Showing posts with label Grant Green. Show all posts
Showing posts with label Grant Green. Show all posts

Saturday, May 02, 2020

Listening to Prestige 482 - Jack McDuff

Grant Green was already hitting it big with Blue Note when he showed up for this, his second session with Jack McDuff, and as busy as Blue Note kept him, he was lucky to have time for lunch, let alone doing any more sideman gigs for Prestige. After his February debut with McDuff, he did a live date at Minton's with Stanley Turrentine (four sets that became two Blue Note albums), a session with Dave Bailey for the short-lived Canadian label Jazztime, Blue Note sessions with Kenny Dorham (unissued) and Hank Mobley (issued), before getting his first Blue Note date as leader of his own group in April. Then an organ trio led by Baby Face Willette in May,
another leader date and a date with Horace Parlan in June, before reconnecting with McDuff in July. Then back to Blue Note for two sessions in August, resulting in two albums; two sessions in September (Stanley Turrentine and Lou Donaldson), and another session as leader in October.
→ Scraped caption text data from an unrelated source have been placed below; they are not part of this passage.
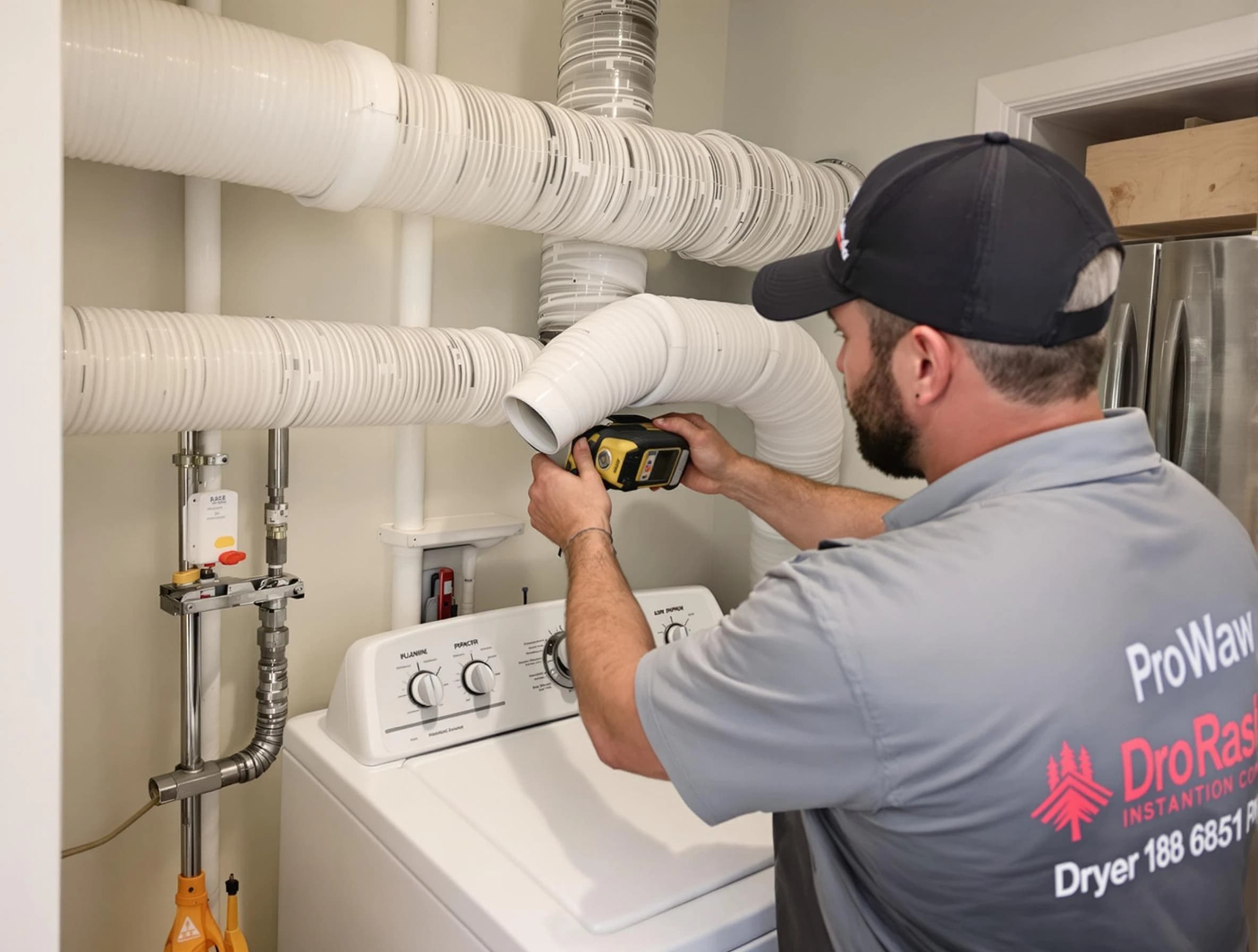 Professional dryer vent hose installation by Conley Dryer Vent Cleaning in Conley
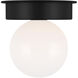 Kelly by Kelly Wearstler Nodes 1 Light 17.5 inch Midnight Black Flush Mount Ceiling Light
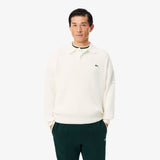 PULL HOMME AH8574 COL POLO FARINE 70V FARINE 70V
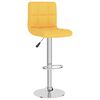 vidaXL Tabourets de bar lot de 2 jaune moutarde tissu
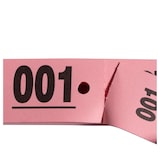 thumbnail of Lot de 20 Carnet 50 Tickets Vestiaires cartonnés - rose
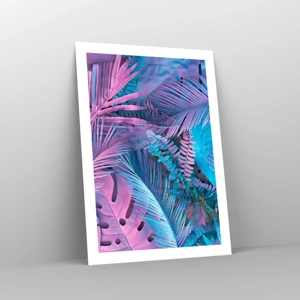 Poster - Tropici in rosa e blu - 50x70 cm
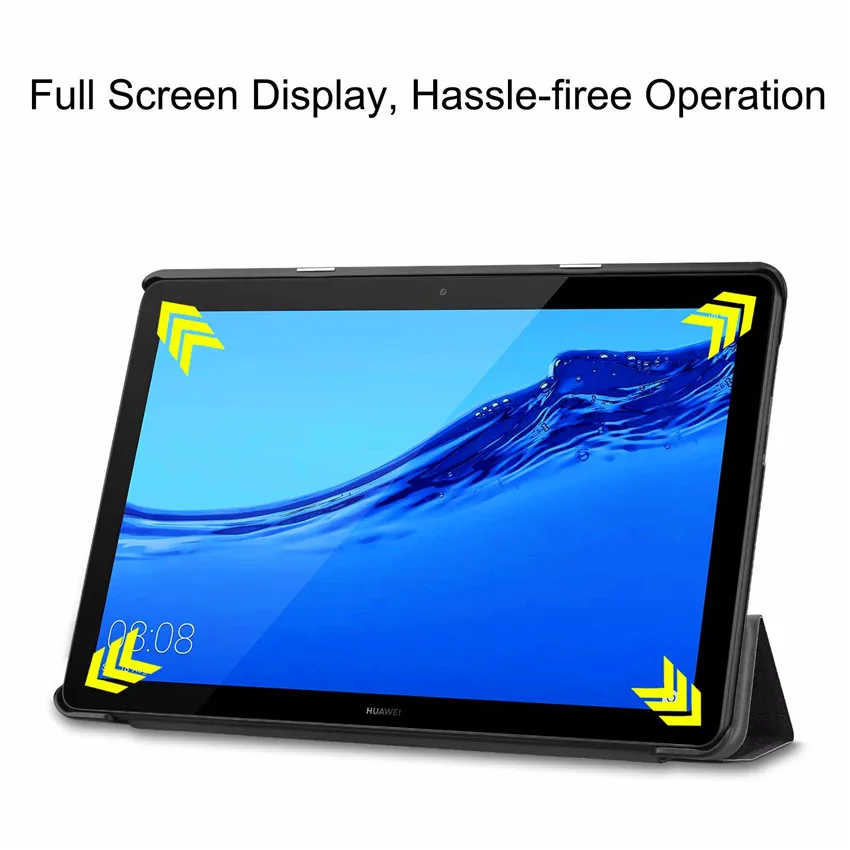 Чехол для Huawei MediaPad T5 10 AGS2 W09/L09/L03/W19 1 '' чехол планшета чехлы из искусственной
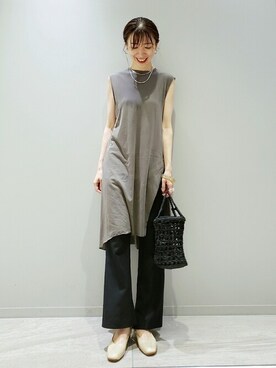 「アイテム（その他シューズ）」を使った、yoshimiさん（レディース・167cm）の夏コーディネート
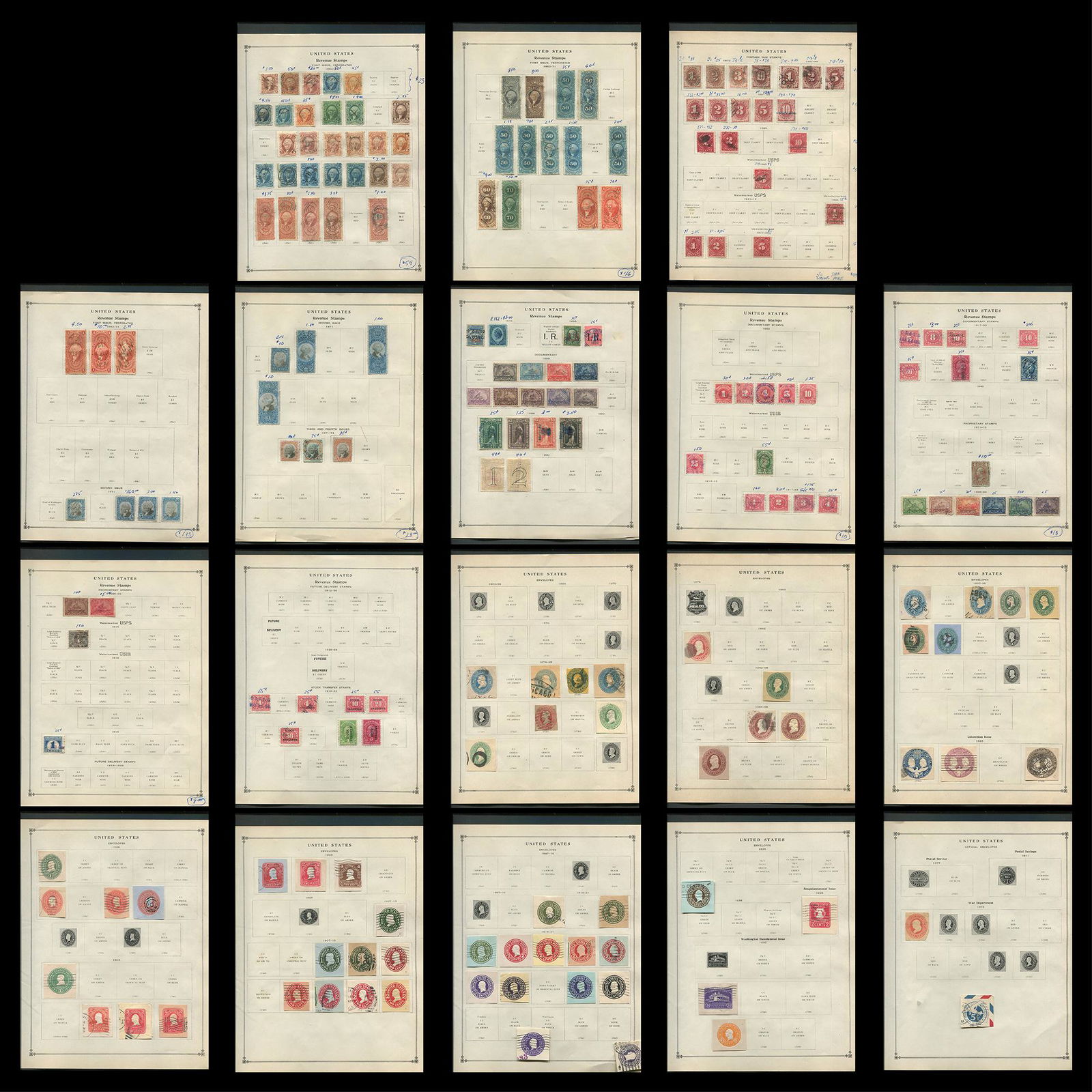 USA Stamp Collection 1862-1871 (1 of 10)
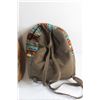 Image 3 : Suede Moccasins - Size 7/8 and Indigenous Print Backpack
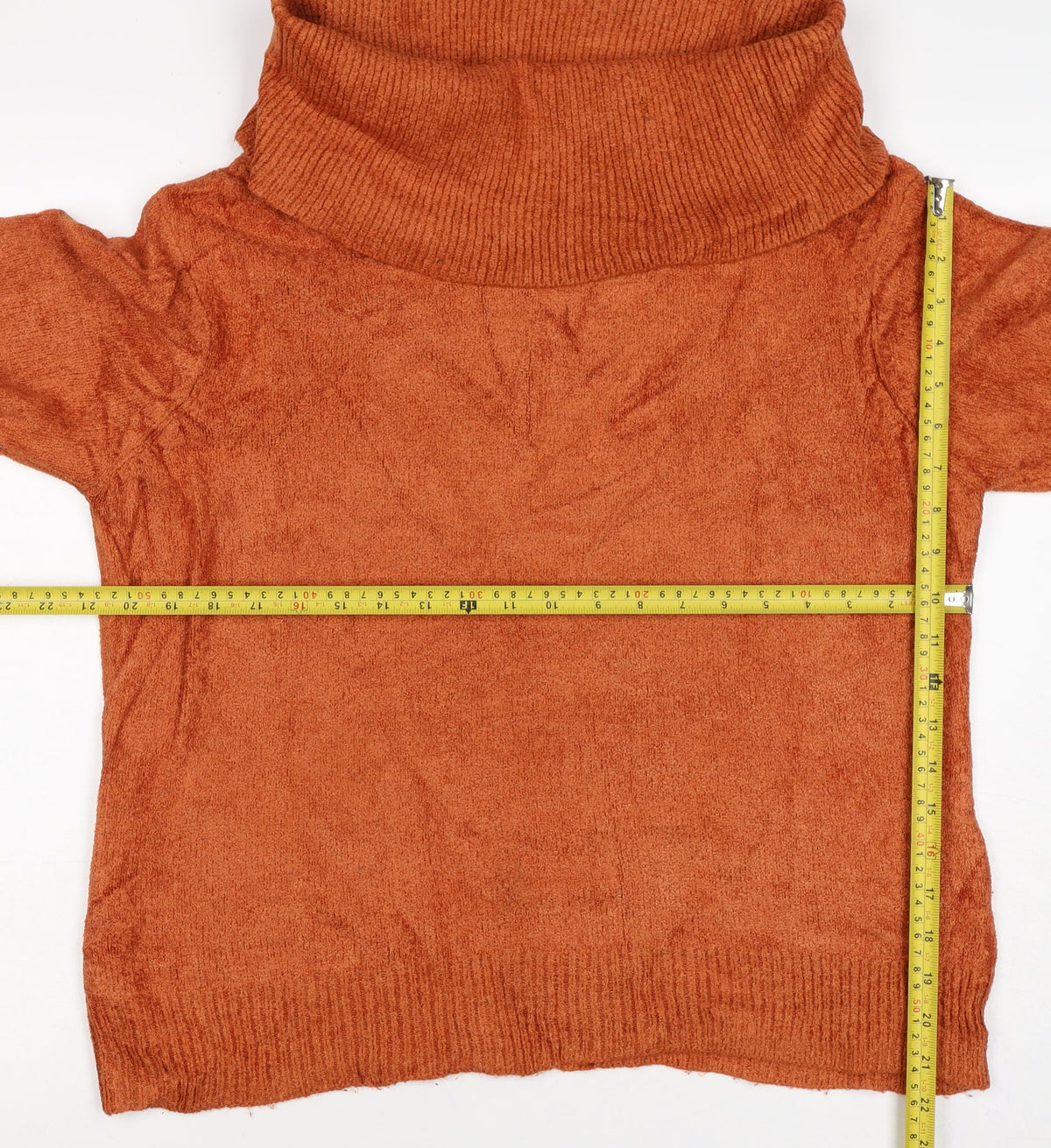 Kiss Collection Women’s Orange Size 8 Roll Neck Knit Pullover Jumper
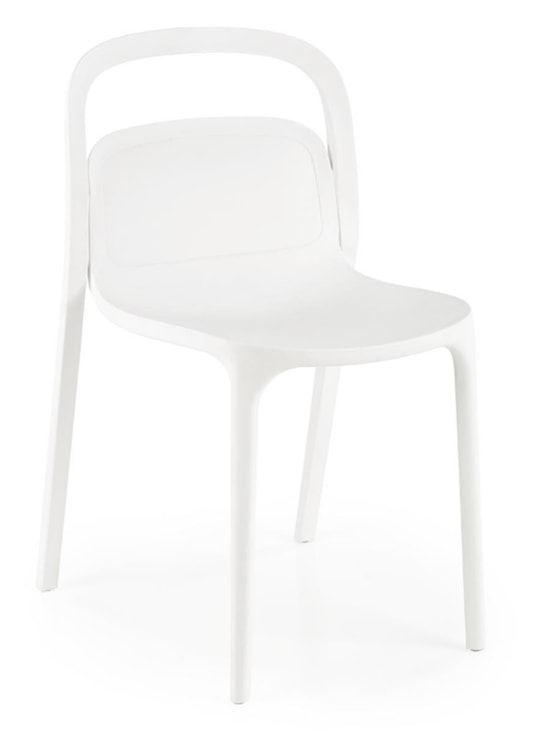 Krzesło z tworzywa Collously białe  - zdjęcie 6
He had November off for Thanksgiving, then back to business in December with a Sonny Red session for Riverside's Jazzland subsidiary, and two Blue Note sessions with Ike Quebec, one under Quebec's name and the other under his own. And he was off to the races, well on his way to becoming the most recorded artist in Blue Note's catalog.

As Green was exiting, Harold Vick was entering, and he would spend five years--and eleven albums, nine for Prestige--with McDuff.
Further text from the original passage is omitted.